You also need to be able to work without family pets wandering through or children under your feet. Above all health, hygiene and safety rules have to be observed and is as important as making a profit. The Food Standard Agency website shows what you need to do to get started.
This site also shows how ingredients have to be recorded and storages temperatures monitored when using food for resale.
Apart from observing hygiene requirements, you would need insurance just in case there is a problem with the food you serve your guests. It also covers any staff that are hired. If you have a mortgage you will need to notify the provider that you work from home. It’s not usually a problem unless the whole house is used for business. This would also affect the council tax on your property and possibly the future sale of the home.
Selling your wares
If speciality cakes, pies, sweets and similar foodstuffs is your thing, then there are many market stalls and craft fairs that accept food suppliers. You would need to be able to bake in bulk and transport it safely to the site as well as stand and sell to customers, engaging with them and encouraging then to sample your wares and buy. If you have a leaflet or a business card, even a label on the food packaging it will guide buyers to your website encouraging future sales.
You may wish to specialise in local foods, perhaps there is a dish related to your location, a cake or some kind of confectionary. If this is the case speak to the tourist board and local tourist spots that can take your products and sell them for you on their premises.
Tea rooms and cafes would also be interested in well-cooked foods that can be delivered fresh each day.

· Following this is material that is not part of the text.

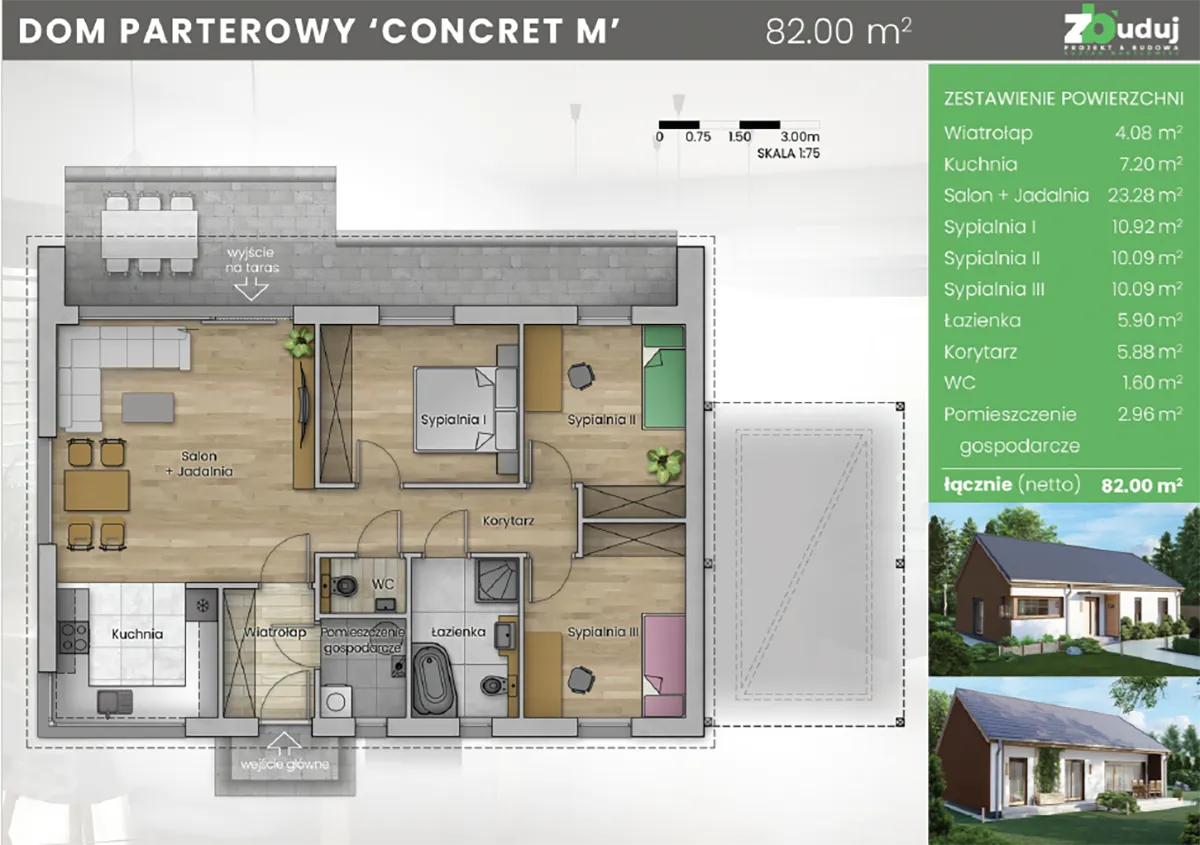 Projekt domu concret m - karta projektu
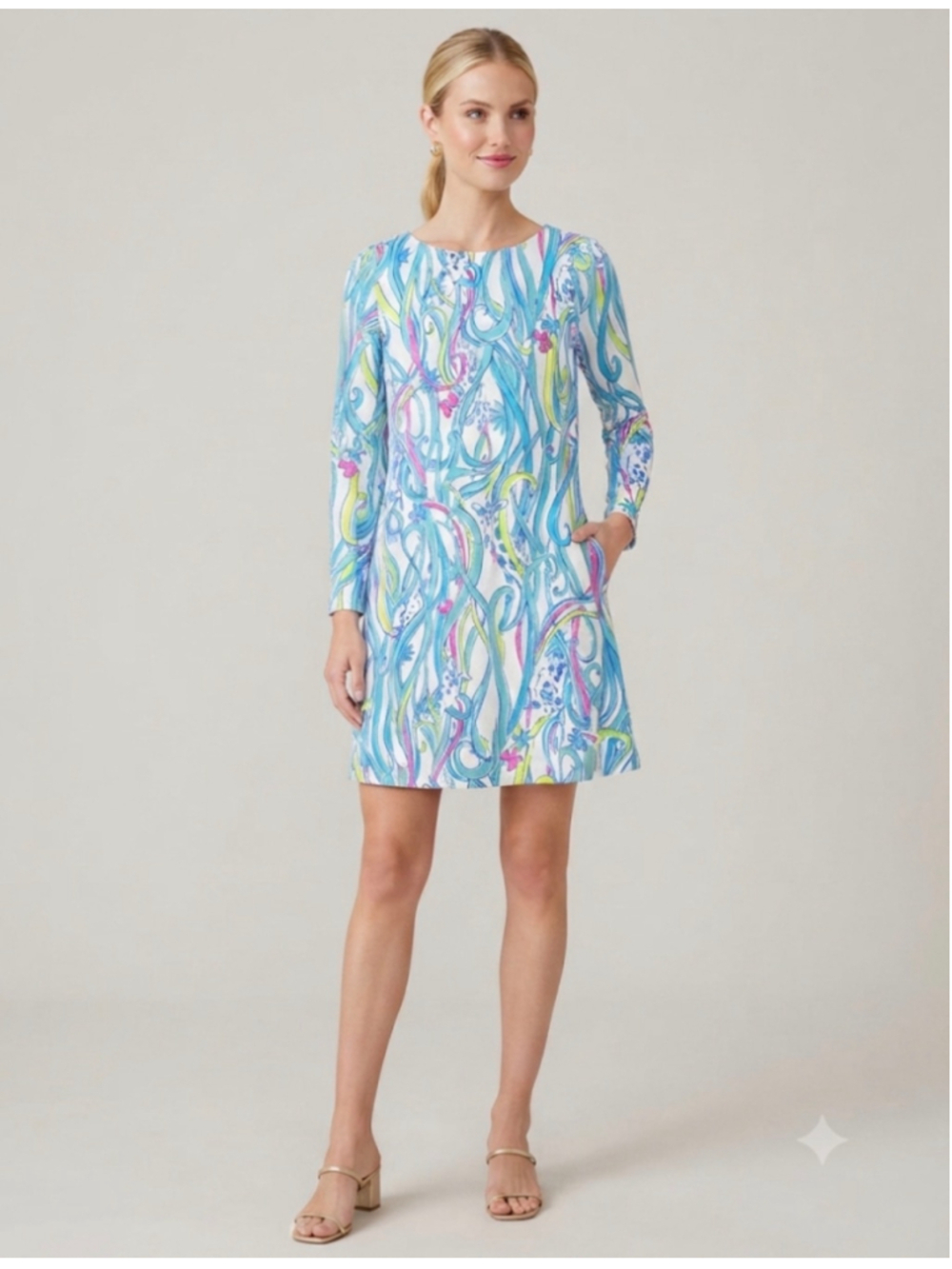 Lilly Pulitzer Mini Dress XS White Blue Patterned Long Sleeve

To be able to advertise that food prepared locally and made with local produce is a boon to business. Visit these businesses with your literature and a sample of the food you wish to sell. Do not turn up at the busiest time of the day but pick a time, perhaps late afternoon when they are starting to wind down. It may be that you have to leave samples to see if the customers are happy with your food, and more importantly it sells.
Outside catering is the name used when you cook in another person’s home or perhaps a larger venue. This could cover dinner parties, children’s birthday parties or even weddings. If you can cope with this hard work outside the home it is a very worthwhile business to run. Contact venues that are rented out for weddings, parties and corporate events and leave your card and details of your business.
Providing a service
Do your children have special diets, for example, due to lactose intolerance? Other families with the same problem would benefit from your expertise. Or how about commuters who don’t have time to cook fresh and wholesome food each night when they arrive home weary from their long day at work? You could supply meals that can be frozen and reheated, or perhaps even deliver them at a set time.
Cooking at home can be a time consuming job, very worthwhile but tiring. The support of the family would be very important if this project was to work for you. At the same time it is the chance to run a crafty little business from home.